Especialistas preferem chamar esse fenômeno de economia de plataforma, para diferenciá-lo de outras iniciativas verdadeiramente colaborativas
Outro modelo que está incluído nessa longa lista são os sites de crowdworking. Oferecem pequenos trabalhos, geralmente de tradução, redação, software e design, aos chamados microworkers ou click-workers, residam eles em Valência, Manila ou Bogotá. Alguns exemplos são MTurk (Amazon), Twago e Guru. “Seria ingênuo negar que o capitalismo de plataforma tem sucesso. O problema é que seus serviços se combinam com a imagem do motorista do Uber dormindo no carro para estar disponível a qualquer hora e chegar ao fim do mês... É difícil separar as vantagens dos inconvenientes”, diz Srnicek. A isso se junta que as multinacionais tecnológicas pagam poucos impostos em relação ao seu faturamento.

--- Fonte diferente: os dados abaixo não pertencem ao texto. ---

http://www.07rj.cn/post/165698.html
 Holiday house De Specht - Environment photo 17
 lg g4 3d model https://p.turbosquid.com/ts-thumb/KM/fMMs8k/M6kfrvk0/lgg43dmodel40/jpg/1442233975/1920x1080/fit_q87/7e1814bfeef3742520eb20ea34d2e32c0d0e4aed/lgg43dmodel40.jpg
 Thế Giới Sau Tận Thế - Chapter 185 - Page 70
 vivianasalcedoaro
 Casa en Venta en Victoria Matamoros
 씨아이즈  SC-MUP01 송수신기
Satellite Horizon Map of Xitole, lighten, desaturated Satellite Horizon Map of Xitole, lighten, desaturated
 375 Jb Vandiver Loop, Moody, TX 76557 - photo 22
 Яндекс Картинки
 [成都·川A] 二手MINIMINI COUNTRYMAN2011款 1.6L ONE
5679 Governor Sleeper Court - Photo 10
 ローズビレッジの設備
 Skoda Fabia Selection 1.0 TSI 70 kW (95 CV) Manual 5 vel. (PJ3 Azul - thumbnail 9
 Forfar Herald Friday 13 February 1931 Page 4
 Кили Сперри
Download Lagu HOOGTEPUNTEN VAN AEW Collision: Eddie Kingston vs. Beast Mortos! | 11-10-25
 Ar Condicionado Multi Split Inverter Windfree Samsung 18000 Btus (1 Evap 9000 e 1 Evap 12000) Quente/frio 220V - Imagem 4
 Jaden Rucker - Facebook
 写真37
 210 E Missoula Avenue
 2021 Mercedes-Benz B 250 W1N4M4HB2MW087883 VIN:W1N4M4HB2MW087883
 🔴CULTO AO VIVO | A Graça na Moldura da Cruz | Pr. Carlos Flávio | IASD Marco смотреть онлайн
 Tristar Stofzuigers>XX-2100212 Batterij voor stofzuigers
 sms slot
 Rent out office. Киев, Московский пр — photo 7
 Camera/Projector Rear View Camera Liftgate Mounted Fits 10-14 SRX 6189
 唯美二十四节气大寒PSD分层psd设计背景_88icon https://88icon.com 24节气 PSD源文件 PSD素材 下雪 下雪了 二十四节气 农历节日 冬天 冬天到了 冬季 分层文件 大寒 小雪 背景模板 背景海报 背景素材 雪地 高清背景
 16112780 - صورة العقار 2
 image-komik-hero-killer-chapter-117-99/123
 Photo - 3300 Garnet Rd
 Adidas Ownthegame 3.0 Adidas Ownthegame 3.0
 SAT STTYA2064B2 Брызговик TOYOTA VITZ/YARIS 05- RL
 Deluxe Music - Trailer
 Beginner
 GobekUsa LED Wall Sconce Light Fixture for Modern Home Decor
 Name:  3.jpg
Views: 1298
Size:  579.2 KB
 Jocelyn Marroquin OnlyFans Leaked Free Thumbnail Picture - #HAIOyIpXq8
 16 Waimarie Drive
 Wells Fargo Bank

O crowdworking levou a deslocalização a outro nível. Esse tipo de negócio está crescendo, especialmente nos países emergentes, diz Mark Graham, pesquisador do Instituto de Internet de Oxford. “Tem um impacto muito positivo para as pessoas que podem ter acesso a empregos que de outra forma não teriam [traduzir nas Filipinas para uma empresa em Estocolmo], mas como se trata de lugares muito pouco regulamentados, existe um grande risco”, afirma.
A economia de plataforma tem um futuro promissor. Livros como Platform Revolution e Matchmakers se tornaram referências para entender a eficiência econômica do modelo. A PricewaterhouseCoopers prevê um crescimento de faturamento anual desse tipo de negócio dos atuais 15 bilhões de dólares (cerca de 48,56 bilhões de reais) para 335 bilhões em 2025.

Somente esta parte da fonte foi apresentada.